Updated on 2024-10-25 GMT+08:00

Rewriting of HetuEngine Materialized Views

Enabling Rewriting of Materialized Views

HetuEngine provides the materialized view rewriting capability at the system or session level.

  • Enabling the materialized view rewriting capability at the session level:

    Run the set session materialized_view_rewrite_enabled=true command on the HetuEngine client

  • Enabling the materialized view rewriting capability at the system level:
    1. Log in to FusionInsight Manager as a user who can access the HetuEngine web UI.
    2. Choose Cluster > Services > HetuEngine to go its service page.
    3. In the Basic Information area on the Dashboard page, click the link next to HSConsole WebUI. The HSConsole page is displayed.
    4. Click Compute Instance to view the instance status of the tenant to which operations are to be performed. When the number of green and blue icons is 0, you can perform 5 to enable materialized view rewriting.
    5. In the Compute Instance page, locate the row that contains the tenant to which the target instance belongs and click Configure in the Operation column. On the tab page displayed, add the following custom parameters:
      Table 1 Custom parameters

      Parameter

      Value

      Parameter File

      materialized.view.rewrite.enabled

      true

      coordinator.config.properties

      materialized.view.rewrite.timeout

      5

      coordinator.config.properties

      This step applies to MRS 3.2.0 or later.

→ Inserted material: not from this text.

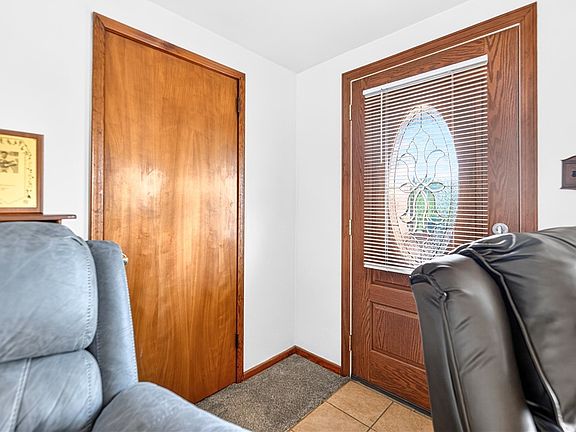 5th image of 195 Lacock St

      • materialized.view.rewrite.timeout: timeout interval for overwriting a materialized view, in seconds. The recommended value is 5 seconds. Materialized view rewrite takes some time. This parameter can be added to limit the performance loss caused by rewrite. After materialized view rewrite times out, the original SQL statement is executed.
      • To enable the materialized view function at the session level and enable the timeout control for materialized view rewrite, run the set session materialized_view_rewrite_timeout = 5 command first.
    6. Set Start Now to Yes and click OK.

Scope of Materialized View Rewriting

  • Supported materialized view types

    BOOLEAN, DECIMAL, DOUBLE, REAL/FLOAT, INT, BIGINT, SMALLINT, TINYINT, CHAR/VARCHAR, DATE, TIME, TIMESTAMP, INTERVAL YEAR TO MONTH, INTERVAL DAY TO SECOND, BINARY/VARBINARY, and UUID.

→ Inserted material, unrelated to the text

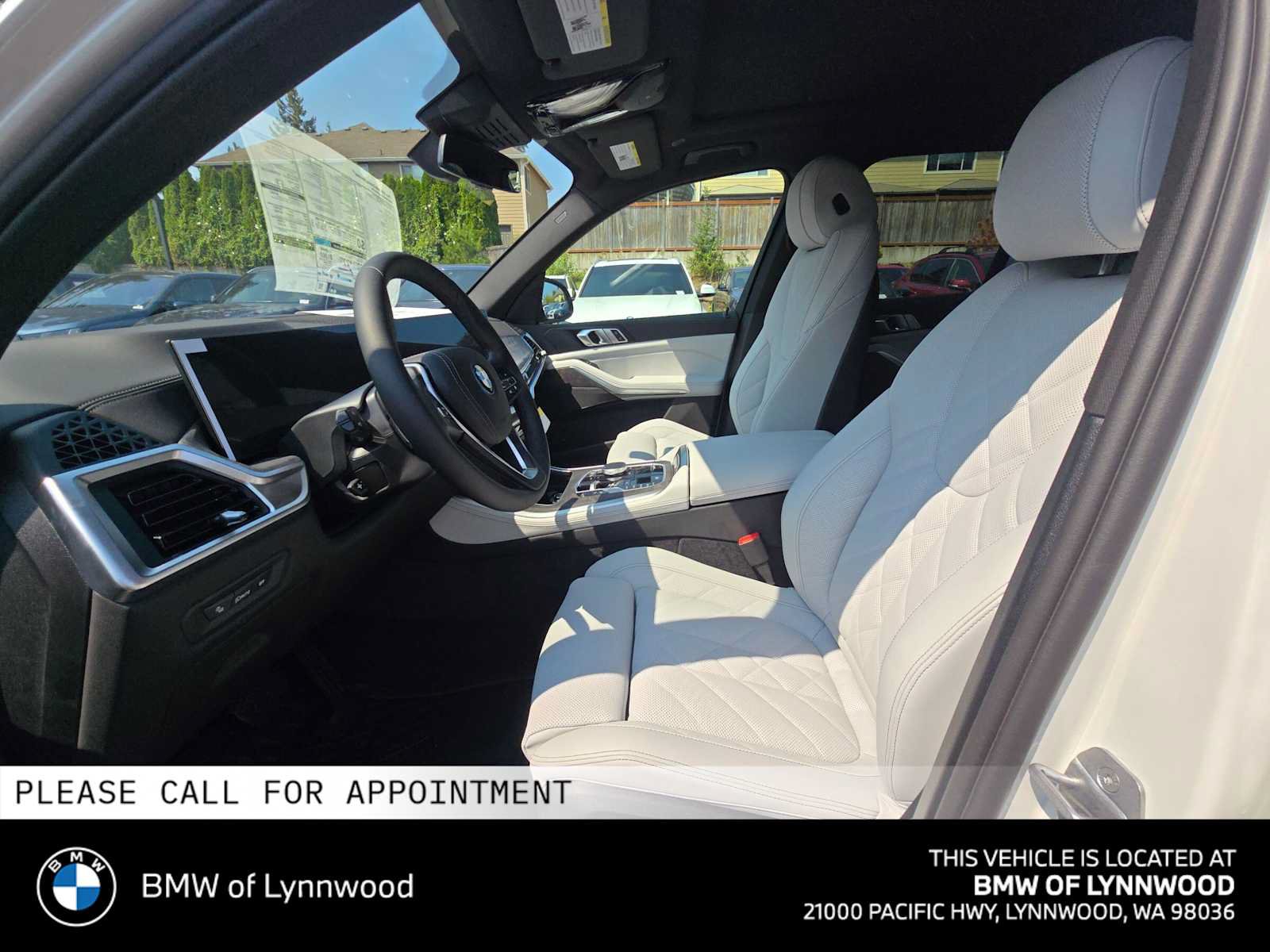 New 2026 BMW X5 xDrive50e w/ Parking Assistance Package AWD/4WD image 20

  • Supported functions for materialized view rewriting
    • Conversion function: Only the CAST function is supported.
    • String function: All string functions are supported, including char_length, character_length, chr, codepoint, decode, encode, find_in_set, format_number, locate, hamming_distance, instr, levenshtein, levenshtein_distance, ltrim, lpad, octet_length, position, quote, and repeat2.
    • Mathematical operator: All mathematical operators are supported.
    • Aggregate function: COUNT, SUM, MIN, MAX, AVG, LEAD, LAG, FIRST_VALUE, LAST_VALUE, COVAR_POP, COVAR_SAMP, REGR_SXX, REGR_SYY, STDDEV_POP, STDDEV_SAMP, VAR_POP, VAR_SAMP, ROW_NUMBER, RANK, PERCENT_RANK, DENSE_RANK, and CUME_DIST are supported.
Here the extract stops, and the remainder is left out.